Major powers have competed for influence in Central Asia since the 19th century. The “Great Game” seems to be back with a bang. The importance of the SCO that has evolved into a forum for discussion on regional security and economic issues cannot be overstated. It has become even more important post-9/11, because growing ethnic nationalism and Islamic fundamentalism is a major cause of concern for Russia, China and Central Asian states. Russia and China have been successful in using the strong aversion of the US to terrorism after September 11 for their own ends to tackle Islamic insurgency within their territories. In the post-9/11 environment, the SCO serves as a means to keep control of Central Asia and limit US influence in the region.
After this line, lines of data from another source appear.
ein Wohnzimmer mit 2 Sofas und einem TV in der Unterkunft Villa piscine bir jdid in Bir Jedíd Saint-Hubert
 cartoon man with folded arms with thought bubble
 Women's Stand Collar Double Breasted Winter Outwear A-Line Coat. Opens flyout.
India’s growing interests in Central Asia are well-recognised. There is a growing convergence between the US and Indian interests, especially their reluctance to see the region fall under the exclusive influence of Russia or China. India was worried in the 1990s when Russian influence weakened substantially with a commensurate rise in that of China’s. This negatively impacted upon Indian threat perceptions that stabilised only after the growing US presence since 2001.

India views itself as a stabiliser and security provider in Central Asia and with its growing economic clout in recent years, an attractive economic power. India’s interest in securing reliable energy supplies and trade through Central Asia remains substantial. There is a seamless logical web from the objective of ensuring Central Asian stability and our voice there to the conclusion that India must also ensure reliable energy access to oil and gas sources in Central Asia.
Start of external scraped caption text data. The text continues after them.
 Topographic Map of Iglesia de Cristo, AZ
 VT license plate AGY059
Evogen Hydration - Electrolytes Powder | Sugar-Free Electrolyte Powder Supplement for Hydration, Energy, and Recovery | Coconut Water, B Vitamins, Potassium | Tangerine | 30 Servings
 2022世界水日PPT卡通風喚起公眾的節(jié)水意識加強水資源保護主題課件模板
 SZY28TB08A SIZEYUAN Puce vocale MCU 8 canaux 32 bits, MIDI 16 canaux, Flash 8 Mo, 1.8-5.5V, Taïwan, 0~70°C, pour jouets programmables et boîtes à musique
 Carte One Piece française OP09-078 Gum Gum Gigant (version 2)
The requirements of energy security also postulate a continuing positive relationship with Moscow and friendly ties with all the Central Asian states. India must create firm ties among the energy exporting states of Central Asia, particularly Kazakhstan, Uzbekistan and, if possible, Turkmenistan. Moreover, the imperatives of getting Afghanistan right are stronger than ever when the situation is fast deteriorating. Regional powers, barring China, have recognised this reality and have sought to harness India towards achieving common goals. Russia, for example, supports Indian membership in the SCO and has talked about the possibility of India participating in the Collective Security Treaty Organisation.

But India has so far failed to invest the diplomatic capital that the region demands. India tried to open an air facility in Ayni, Tajikistan, in 2002 to guard against growing instability though nothing much happened on that front for long. And in 2010 the Tajik government officially made it clear that Russia is the only country likely to use the airbase in the future.
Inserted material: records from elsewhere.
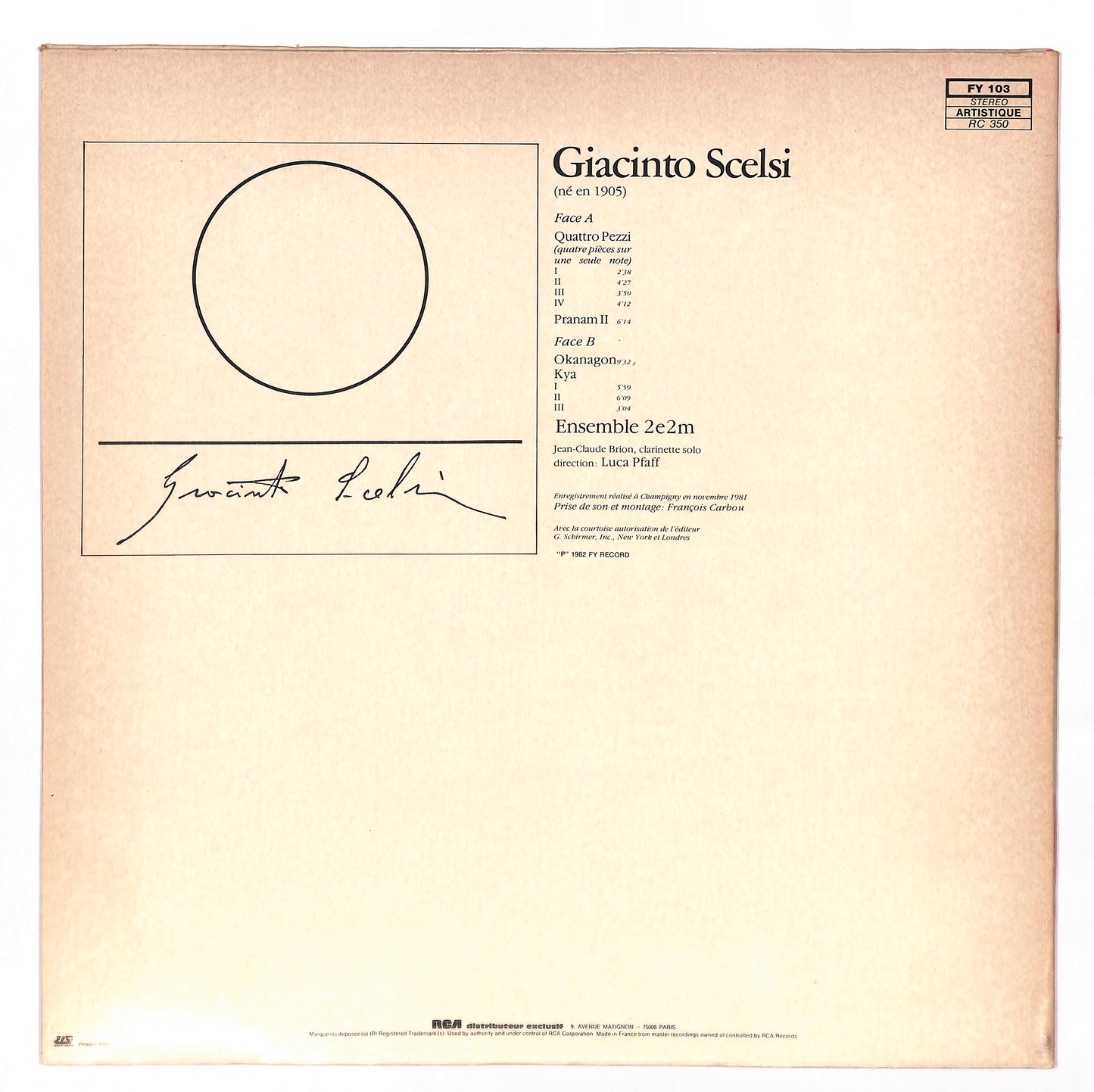 Quattro Pezzi / Pranam II / Okanagon / Kya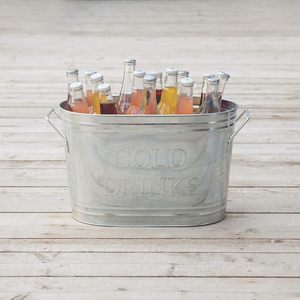 Seau à glace galvanisé de conception la plus récente avec poignée Seau à glace ovale de refroidisseur de vin enduit noir pour le vin et les boissons de bière en plein air - Product Image 6
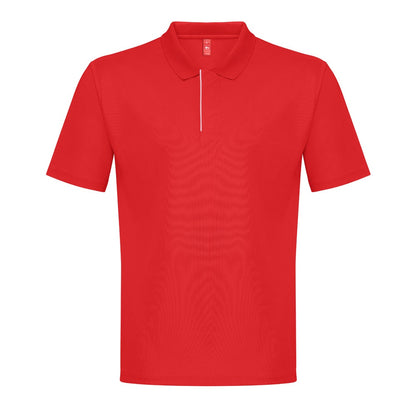 THC DYNAMIC promotional polo shirt in red with custom logo branding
A great power competition in Central Asia will make it harder for India to pursue its interests. As such, it becomes imperative for Indian diplomacy to work towards major power co-operation to bring some measure of stability to Afghanistan as well as the larger Central Asian region. This region remains critical for India’s security and energy needs. India’s lacklustre approach so far has made sure that its imprint will only reduce in the coming years if immediate ameliorative steps are not taken. It should be instructive that Chinese premier Xi Jinping, too, undertook a whirlwind tour of the region last week, signing mega energy deals and promising major investments. With China being the largest trading partner of four of the five regional states, India increasingly looks like a pigmy. Khurshid’s visit should not be a one-off event; rather it should be the start of New Delhi trying to develop robust partnerships throughout the region even without a full membership in the SCO.

The author is a reader in international relations, department of defence studies, King’s College, London.